Nie będzie to jednak kolejna odsłona popularnej gry, a film kinowy pełen pościgów i pięknych samochodów.
Zdjęcia do filmu opartego na podstawie gry Need for Speed zaplanowano na przyszły rok, natomiast premiera odbędzie się dopiero w 2014. Czy taka ekranizacja ma sens? Jeżeli można było przenieść na ekrany grę w statki (film “Battleship: Bitwa o Ziemię”), to o NFS można być spokojnym.
Pierwsza część gry ukazała się już w 1994 roku i dotychczas sprzedano setki milionów egzemplarzy różnych odsłon serii. Za scenariusz do filmu będą odpowiadali bracia George i John Gatinsowie, natomiast reżyserem zostanie Scott Waugh (“Black Sands”, “Act of Valor”). Ciekawe tylko, w którą stronę pójdą twórcy filmu, gdyż każda kolejna odsłona serii różniła się od poprzednich, co nie zawsze podobało się fanom. Mieliśmy na przykład zwyczajne wyścigi, uciekanie przez policją i tuningowanie samochodów. Czy te elementy trafią do filmu? A może twórcy zaskoczą nas czymś nowym?
Jedno jest pewne – DreamWorks nie firmowałby swoją marką filmu, który byłby słaby, więc gracze nie powinni się martwić na zapas.
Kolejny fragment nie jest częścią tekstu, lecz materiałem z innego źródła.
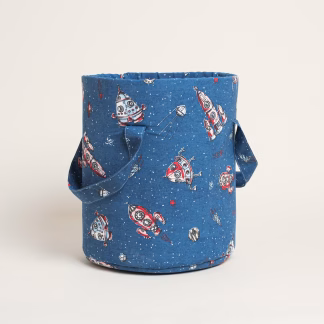 Σακος Κυλινδρος 43 X 30 Cm Διαστημοπλοια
Moim skromnym zdaniem film będzie totalnym gniotem, NFS od zawsze był tylko grą wyścigową, bez większej fabuły więc nie nastawiać się proszę na wielkie kino, raczej słaby klon Szybkich i wściekłych co notabene nie jest jak niektórzy sądzą paskudnym kinem 😀
IMHO to tylko wykorzystanie marki dla realizacji jakiegoś filmu o samochodach. Chociaż nie wiem, zatrzymałem się na starych NFS. Czy te nowsze mają jakąś fabułę?